By Vanne Elaine Terrazola
The Senate will be investigating starting next week the pollution and environment degradation in Boracay Island.
The Senate Committee on Environment and Natural Resources, led by Senator Cynthia Villar, together with the Committees on Tourism and Finance, are set to hold a joint hearing in the world-famous island in Malay, Aklan, on March 2, Friday.
Prior to the hearing, senators will conduct an ocular inspection in some areas of the island to see for themselves the extent of the reported pollution and contamination of its waters.
The Senate inquiry, in aid of legislation, will look into , the severe pollution in Boracay to address its “deteriorating” state and promote sustainable development.
The probe will also review the compliance by resorts and establishments with existing environment and tourism laws, which were reported to be the culprit behind the water contamination.
Pollution and degradation of other beach destinations in the country will also be discussed in the hearing.
Boracay Island was put in spotlight after President Duterte warned he would close down the popular tourist destination for violation by some businesses of environmental laws.
Meanwhile, Senator Joel Villanueva has also filed a resolution seeking the review of the Department of Environment and Natural Resources’ (DENR) policy in approving and monitoring the applications for Environmental Compliance Certificates (ECCs) of establishments.
In his Senate Resolution No. 646, Villanueva cited the need for the review to ensure that the ECCs being issued by the DENR to any activity would guarantee the prevention of environmental damage and would not aggravate the impact of climate change.
He called on the DENR to upgrade the process of environmental assessment and issuance of ECC.
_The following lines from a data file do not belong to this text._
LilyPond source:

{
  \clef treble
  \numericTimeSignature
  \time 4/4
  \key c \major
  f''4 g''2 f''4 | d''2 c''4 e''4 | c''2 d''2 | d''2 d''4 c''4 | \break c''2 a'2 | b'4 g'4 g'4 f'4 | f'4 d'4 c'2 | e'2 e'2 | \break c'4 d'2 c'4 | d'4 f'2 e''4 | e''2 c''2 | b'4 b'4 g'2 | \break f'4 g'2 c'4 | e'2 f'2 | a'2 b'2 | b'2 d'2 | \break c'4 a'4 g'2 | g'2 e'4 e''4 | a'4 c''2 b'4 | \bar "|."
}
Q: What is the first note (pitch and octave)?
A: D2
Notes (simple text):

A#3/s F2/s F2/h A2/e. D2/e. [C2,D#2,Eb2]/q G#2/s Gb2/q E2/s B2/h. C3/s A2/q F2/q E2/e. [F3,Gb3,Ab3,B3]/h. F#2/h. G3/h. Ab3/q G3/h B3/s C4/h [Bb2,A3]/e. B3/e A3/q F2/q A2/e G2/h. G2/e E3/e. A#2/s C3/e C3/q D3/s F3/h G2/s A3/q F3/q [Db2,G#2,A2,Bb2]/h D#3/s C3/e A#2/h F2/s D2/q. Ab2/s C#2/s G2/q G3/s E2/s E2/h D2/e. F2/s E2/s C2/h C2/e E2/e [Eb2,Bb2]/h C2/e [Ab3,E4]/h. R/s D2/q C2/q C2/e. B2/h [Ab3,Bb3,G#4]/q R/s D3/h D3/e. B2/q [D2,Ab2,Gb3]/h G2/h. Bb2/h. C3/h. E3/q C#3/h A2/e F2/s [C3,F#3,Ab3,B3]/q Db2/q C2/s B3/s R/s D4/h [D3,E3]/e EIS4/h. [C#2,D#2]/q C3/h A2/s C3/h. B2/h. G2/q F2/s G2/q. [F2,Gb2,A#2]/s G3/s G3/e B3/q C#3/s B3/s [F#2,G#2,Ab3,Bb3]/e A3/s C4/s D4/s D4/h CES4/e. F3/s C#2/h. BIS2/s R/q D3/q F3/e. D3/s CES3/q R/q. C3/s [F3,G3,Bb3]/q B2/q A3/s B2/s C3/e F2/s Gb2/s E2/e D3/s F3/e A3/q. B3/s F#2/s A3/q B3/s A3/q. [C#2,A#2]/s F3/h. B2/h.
“Businesses and industries should account for the possible impact of their operations in aggravating the impact of climate change. Our regulatory agencies should also improve their capacity in monitoring compliance and enforcement of environmental policies,” Villanueva said.
The DENR had given notices of violation to 51 establishments in Boracay Islang found violating the Clean Water Act of 2004, which mandates all commercial and residential establishments dispose septic wastes through a treatment facility.
Some 300 establishments in Boracay Island are also being investigated by the DENR for possible violations.
Furthermore, the DENR is set to serve 174 show-cause orders to illegal forest occupants who have encroached on the island’s timberland areas.